In this post, I aim to give a brief review on the useful strategies and tricks for the top 3 bots in last year’s Halite 2 competition.
I cherry-pick the contents from all these post-mortems majorly based on how they are likely to be able to be applied to Halite 3. Hence there are some tricks that are important to Halite 2 but are missing here. In this way, I am trying to make this review more useful specifically for Halite 3 preperation. I also bold the sentences that I find it worthy to be highlighted.
We can see that the bots of the top players are quite different in many aspects. For example, FakePsyho suggests to use a stateless AI while ReCurs3 designs a AI with several distinctive states with each one to handle a different producure of the games.
Table of contents:
For a more detailed version, please take a look at the link to ReCurs3’s Post-Mortem
To get a better idea of all the parts involved, here is what happens at a high level on every game turn:
Because the early game is so different and unforgiving, I isolated this part of the game in its own code path. The big two differences over the rest are choosing the initial planet(s) to settle on, and take into account potential rushes from the enemy, who attack straight away with their initial ships hoping for a quick win by catching bots off guard.
The choice of initial planet(s) is done once at game start, and is different between 2p games and 4p. The one for 2p is very old but I could not improve or find a replacement in time that seemed to perform as well. The idea is to control as much space as possible early on by choosing a planet with other planets nearby, to boost early production and be the first player to dominate the center, therefore breaking the symmetry, and typically winning the game.

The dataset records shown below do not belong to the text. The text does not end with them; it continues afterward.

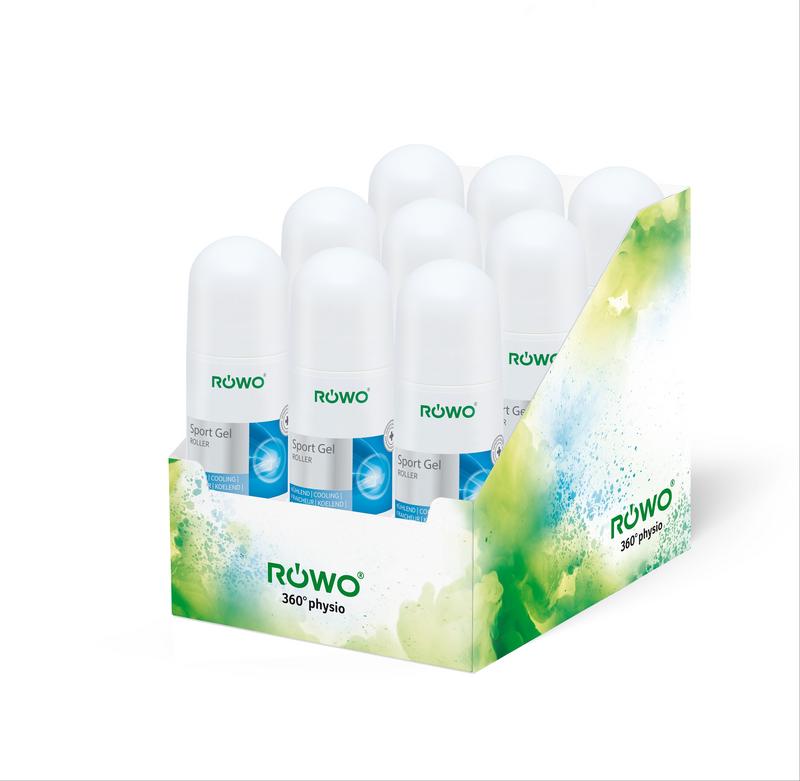 Rowo Sportgel roller for muscle and joint pain, 50ml, easy-to-apply gel for relief of sore muscles and joint discomfort.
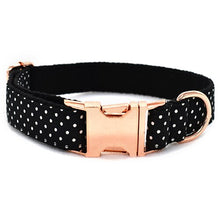 Load image into Gallery viewer, Black Polka Dot Dog Collar, Leash and Bow Tie Set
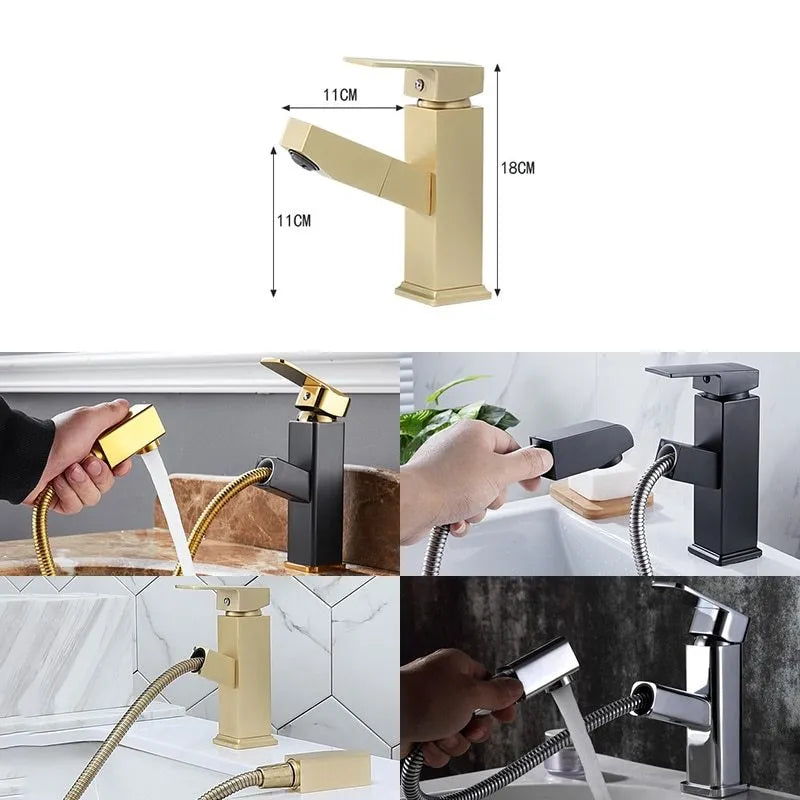 Square handle brushed gold pull faucet with brass construction on a sink.
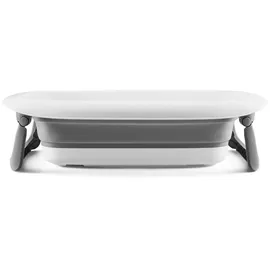 Kinderkraft BUBBLY Babywanne Badewanne mit Gestell, Faltbare Babybadewanne, Wickeltisch Regal im Set, Schnelle und einfache Montage, Grau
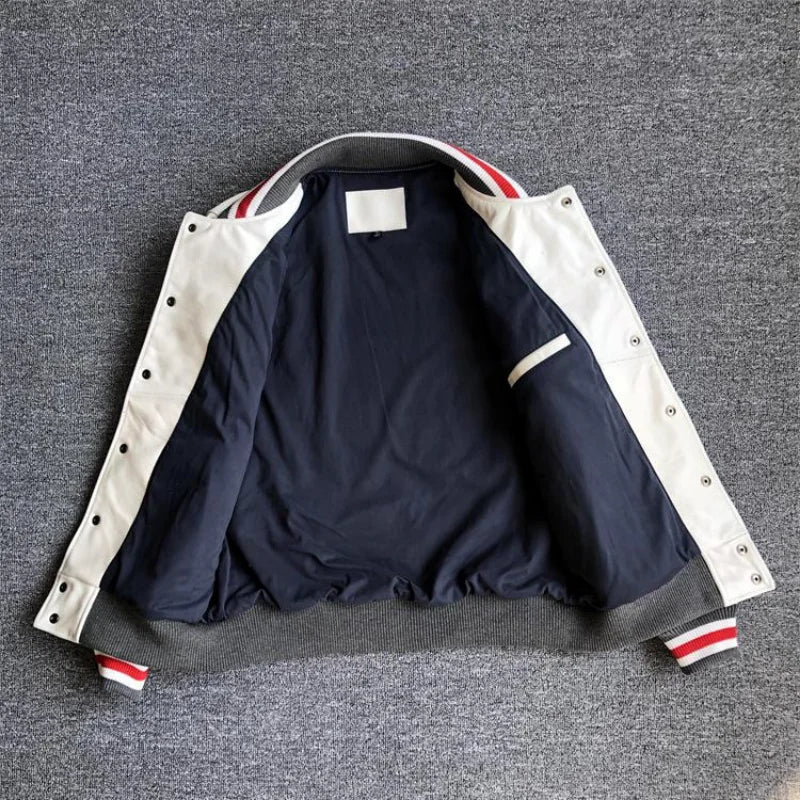 Leather Jacket Men Motorcycle Luxury Designer Embroidery Short Biker Baseball Jackets Y2k Streetwear Winter Bomber Coat White Street King Limited
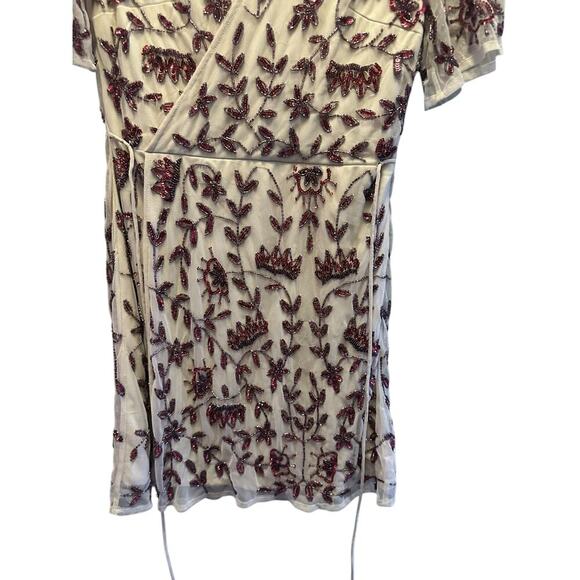 Altar'd State Beaded Ruby And Garnet Design Wrap Dress in Taupe Womens Size S. - Picture 3 of 7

4p games require another strategy, as the goal is quite different. A good spot is still desirable, but definitely not at the cost of being nearby enemy players. Otherwise, the risk of being rushed is greatly increased, and even with no rush, the risk of becoming the enemy’s target of choice is also higher. Having two enemies nearby early on is almost guaranteed to turn into a bad game.
The early game plan aims to establish the initial colonies as fast as possible while also keeping early invaders at bay. It also tries to break a stalemate in case no one colonizes by engaging combat after a while, and rushes if it owns no planet but the enemy does.
Another 4p only improvement, only enabled once the early game is over, this mask aims to force the bot to focus on one player instead of multiple at once. If a player can be eliminated more quickly, then its planets can be taken over faster and therefore create a bigger snowball effect. When no target player is assigned, the enemy having a ship closest to an allied planet is considered as the target.
This pass is looking to do high level decision making by assigning one of the following roles to every allied ship:
Either looping through targets to find a ship to assign to, or looping through ships to find a target, have their flaws as they will give poor solutions in some scenarios. It is important to minimize the sum of all distances between ships and their targets in order to respond faster overall. I thought of using an evolutionary search for that, but decided to start with a simpler algorithm at first and see if it needs replacement later. It survived in almost intact shape since.
The way the targeting, scoring and execution of a role is done is specific to each, so more details follow.
For a given ship, it just tries to find the closest planet with docking spots available. However, the twist is it will exclude planets that are considered unsafe to colonize. At some point I noticed my bot was wasting a lot of ships by docking them only to get destroyed a few turns later, so I tried to figure out how to prevent that.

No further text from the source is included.